‘Passion for freedom‘ is now holding its fourth exhibition at the Unit 24 Gallery just behind Tate Modern. The show is a visible and occasionally dazzling manifestation of an often submerged movement in western liberalism that regards the liberal-left mainstream with something close to disgust.
They – we – find the indulgence of radical Islam as a betrayal of the best of the liberal tradition. We are equally repelled by multi-cultural orthodoxy, which puts the interest of a ‘community’ before the interests of the individual, particularly when the individual is a woman. The magnificent Maryam Namazie, One Law for All’s Spokesperson, and a woman you will rarely hear on the BBC, explained the show’s purpose. ‘Real change comes about by challenging and dissenting not by appeasement and silence. It comes about by breaking taboos and pushing aside that which is deemed sacred and art is such an important way of doing this. As Ai Wei Wei says, “if we don’t push, nothing changes”.’

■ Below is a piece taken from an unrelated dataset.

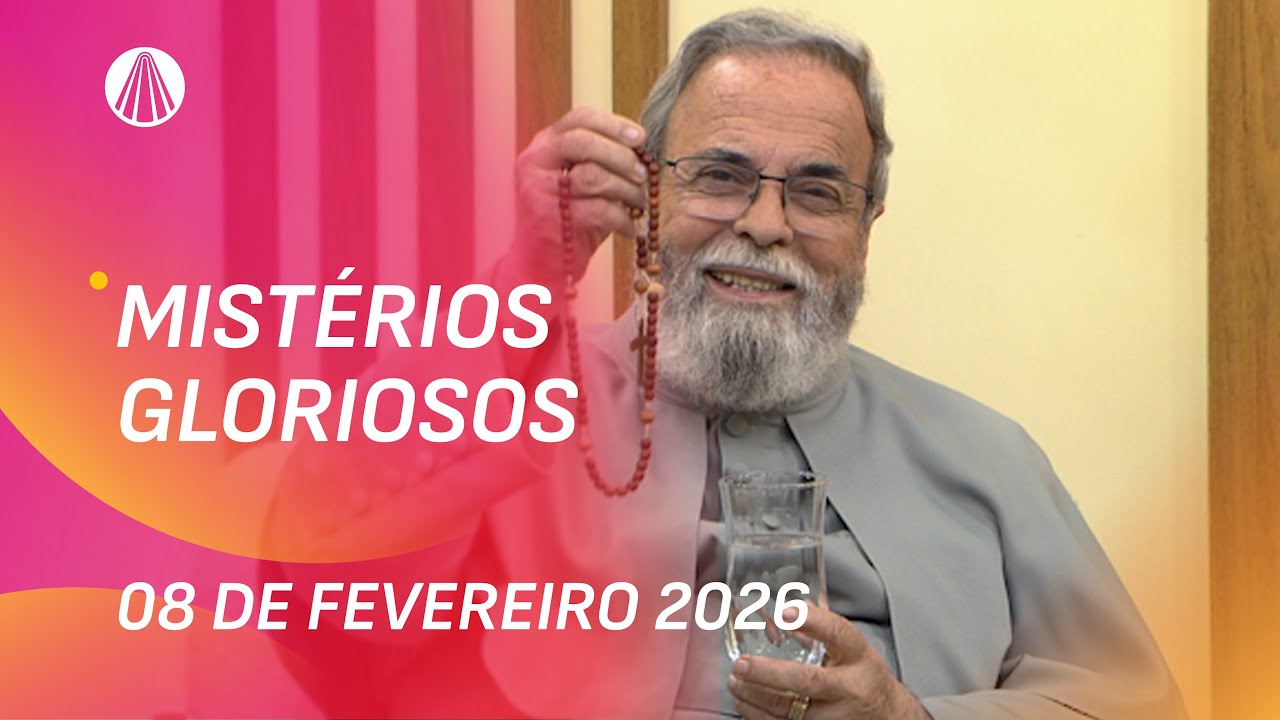 Terço de Aparecida com Pe. Antonio Maria - 08 de fevereiro 2026 [Mistérios Gloriosos]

As in previous years, the organisers tempted artists to submit by restating their core principles.
1. Create space for artists and writers who discuss subjects omitted in politically correct circles.
2. Invite people to open and uninhibited discussion. Nothing is more important than critically informed debate. That’s how society has advanced through the ages.
3. Gather like-minded people creating a network of actively engaged citizens who hold high the value of individual’s freedom
I have written at length on these themes, and subscribe to all of the above. I would certainly have gone along as a visitor. But this year, the organisers invited me to be one of the judges, and raised several difficulties as they did it.
I wondered by what right I judged artists. I am not an artist. Nor am I an art critic.